第68話 人見知りのヤタ


〔ッ……あ、あの……逃げて、ごめんなさい……〕


 俺と目が合ったパンク女は、しばらく硬直した後、脱兎の如く逃走。

 鳴り渡る足音の先で勢い良く扉が閉じられ、少し間を置いてスマホに着信。


〔わ、わわ、私……人前だと、本当に、しゃ……喋れ、なくて……!〕

「別に気にしてない」


 が極度の人見知りであることは、前に真月から聞いている。

 そんな奴に音も無く近付き、後ろから急に声をかけた俺が悪い。


 しかし。


「電話口の印象とは随分かけ離れたビジュアルなんだな? バンドマンかと思った」

〔……このくらい派手な方が……外に出た時、誰かに話しかけられたりしないから……〕


 なるほど。猛毒のサンゴヘビに擬態し、身を護るミルクヘビみたいな感じか。

 あんな格好した女が街中を歩いてたら、確かに大抵の奴は遠巻きにするだろうな。






 八田谷田やたやだヤタ。

 五秒くらいで適当に考えた偽名みたいな響きだが、一応本名らしい。


 第五支部に所属する三人の魔剣士の一人。

 所有する魔剣は、七系統でも希少な嫉妬エンヴィ


 真月曰く、戦闘能力はイマイチ。

 その代わりに、天使や聖人を対象とした高い探査能力を持つ魔剣技アーツが使える模様。

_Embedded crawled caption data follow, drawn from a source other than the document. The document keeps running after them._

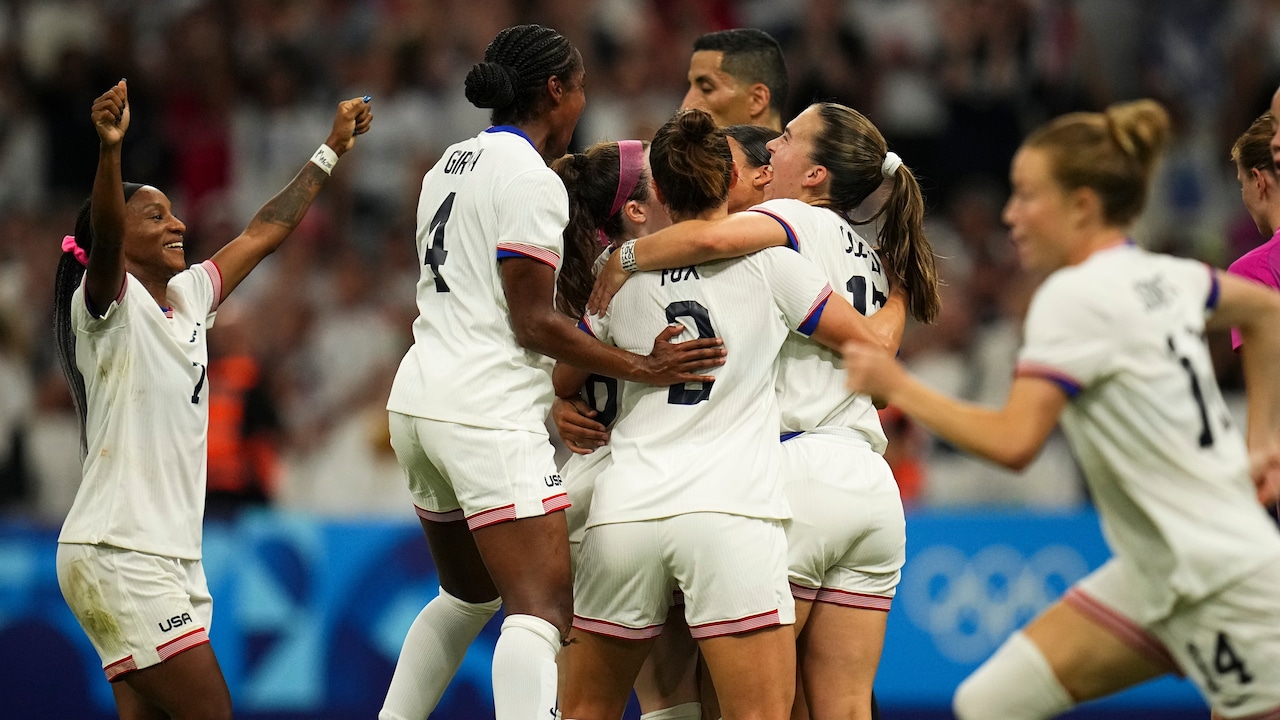 Watch USWNT vs. Iceland international friendly free live stream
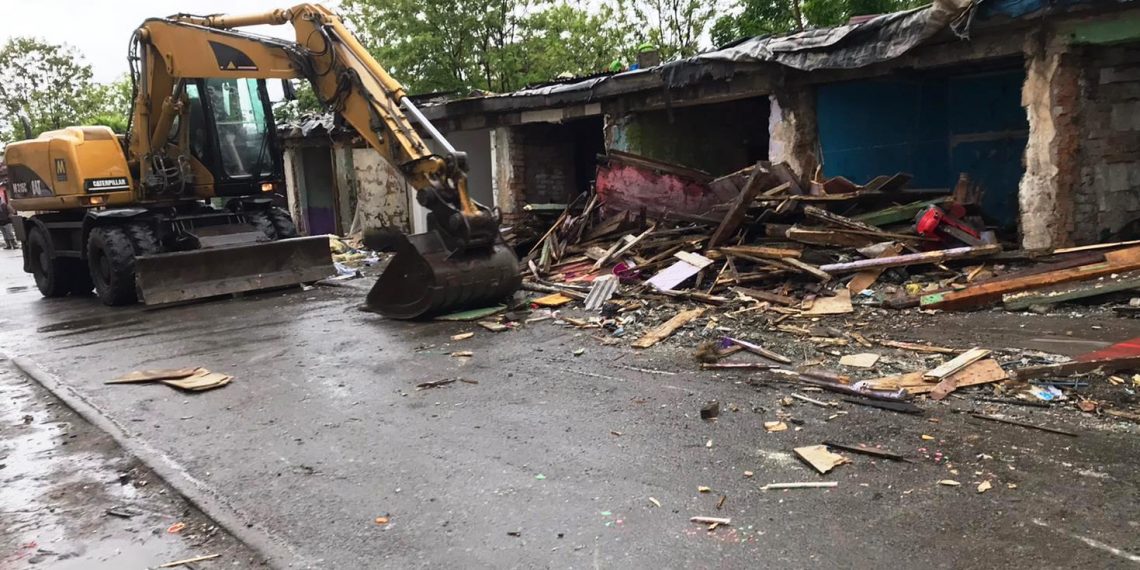 FOTO. Cu buldozerul în ”NATO” | Sesizată de pompieri și de DSP, Primăria Oradea a demolat improvizațiile dintr-o zonă rău famată a orașului
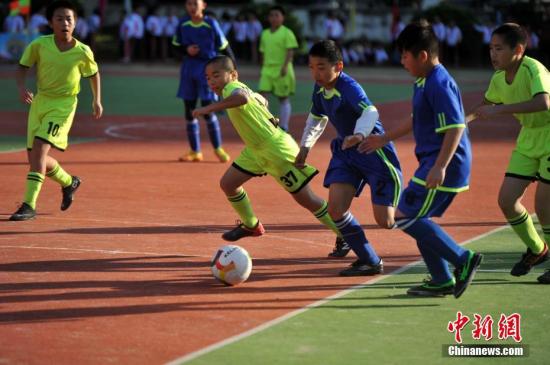 教育部﹕到2025年全国校园足球特色学校将达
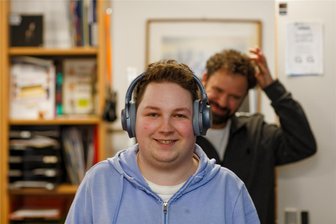 IT-Nerds mit Autismus: Chemnitzer Firma zeigt, wie es geht - Philipp Junghannß (vorn) war der erste Mitarbeiter, den Alexander Haase in seiner Firma Nerdsclub IT Service Chemnitz eingestellt hat. Das Besondere an dieser Firma: Hier arbeiten nur Autisten. Der 28-jährige Junghannß hat das Asperger-Syndrom, eine Form der Autismus-Spektrumstörung.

 日に三度、それを用いて間接的に離れ牢を探し出すのが、普段の仕事。


 つまり、ただでさえ暇な上、俺の存在によって唯一の務めすら奪われたに等しい状態。

 少なからず恨みを買っているかと思いきや、関係は割と良好。


 なんでも魔剣技アーツは疲れるから、使わずに済ませるのが一番なのだと。

 実は日に三度の探査もしょっちゅうサボっており、最近は三日に一度がデフォとか。


 管轄内における離れ牢の発生件数が年間平均二件程度とは言え、ひどい怠慢だ。

 この話を聞いて以降、俺は内心で八田谷田のことを給料泥棒と呼んでいる。


 まったくもって、魔剣士にはロクなのが居ない。

 あらゆる方面で。






〔ところで……ウルハちゃんのプリン食べたこと、内緒にしてくれる……?〕

「そも会ったことが無い。告げ口しようも無い」

〔え……? でもウルハちゃん、この前……あれ?〕


 八田谷田の部屋の扉に背中をもたれさせ、スマホで話す。

 板一枚隔てただけの相手に、随分な遠回り。


〔私の勘違いかな……まあいいや……えっと……ユカリコちゃんとは、どう?〕

「どう、と言われてもな」


 世間一般的な意味合いで仲良くやれてるとは評しがたい。

 さっきも八つ当たりされて締め落としたばっかりだし。


〔あ、あのね……ユカリコちゃん、態度悪いし、すぐ手が出るし、左遷もされたけど〕


 やはりか。

 強度序列一桁が何故、支部という雑用専門の部署に居るのか、少し不思議だったんだ。


〔でも……たまに優しかったりもするから、あんまり悪く思わないであげて……?〕


 DV男を擁護する恋人みたいな台詞回しだな。

 そう軽口を返す寸前、反射的に身構えた。


「──すまないが、切るぞ」

〔え……え、あ、ごめ、ごめんなさっ……怒らせるつもりとか、全然なくて──〕

「違う」


 唐突に背骨を伝った違和感。

 次いで後ろ首を這う、ちりちりと炙られるような感覚。